- _What you have to do_
When writing out the listing below, reproduce every word exactly and skip the pictures.

- _Given data_
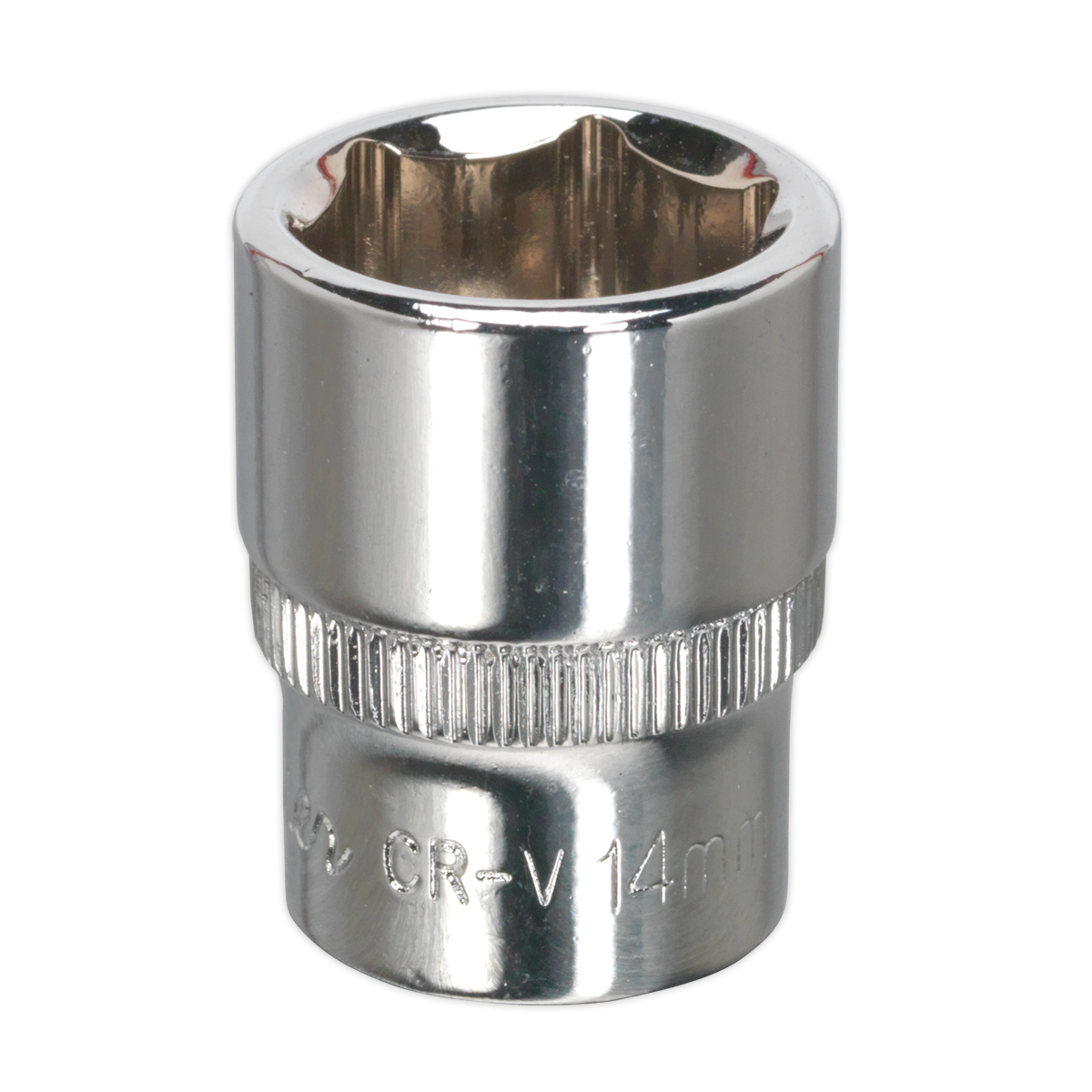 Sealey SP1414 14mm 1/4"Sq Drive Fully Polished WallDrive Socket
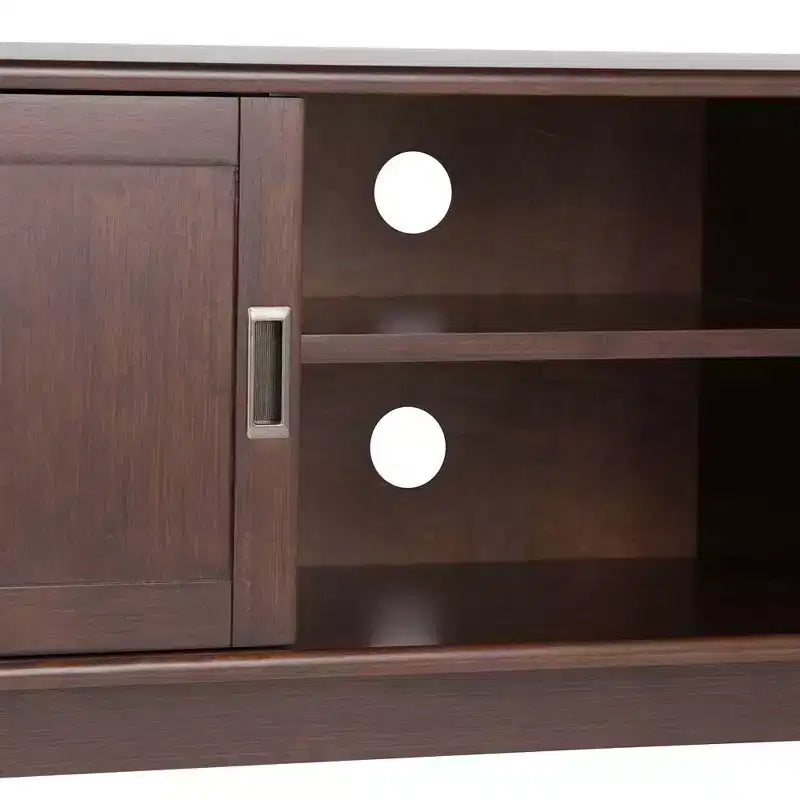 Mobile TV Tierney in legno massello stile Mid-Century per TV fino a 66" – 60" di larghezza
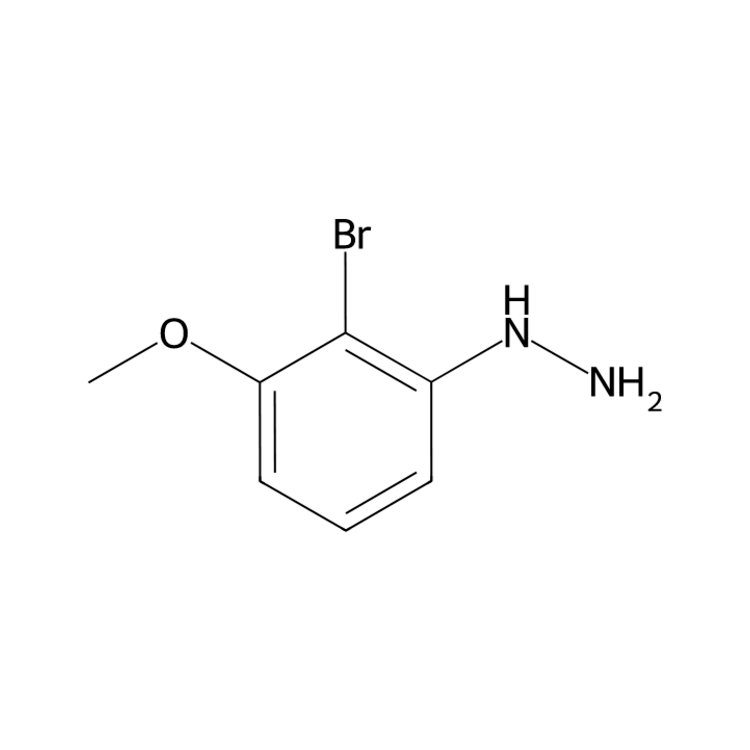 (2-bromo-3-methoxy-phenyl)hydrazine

- _Response for this exercise_
 Sealey SP1414 14mm 1/4"Sq Drive Fully Polished WallDrive Socket
 Mobile TV Tierney in legno massello stile Mid-Century per TV fino a 66" – 60" di larghezza
 (2-bromo-3-methoxy-phenyl)hydrazine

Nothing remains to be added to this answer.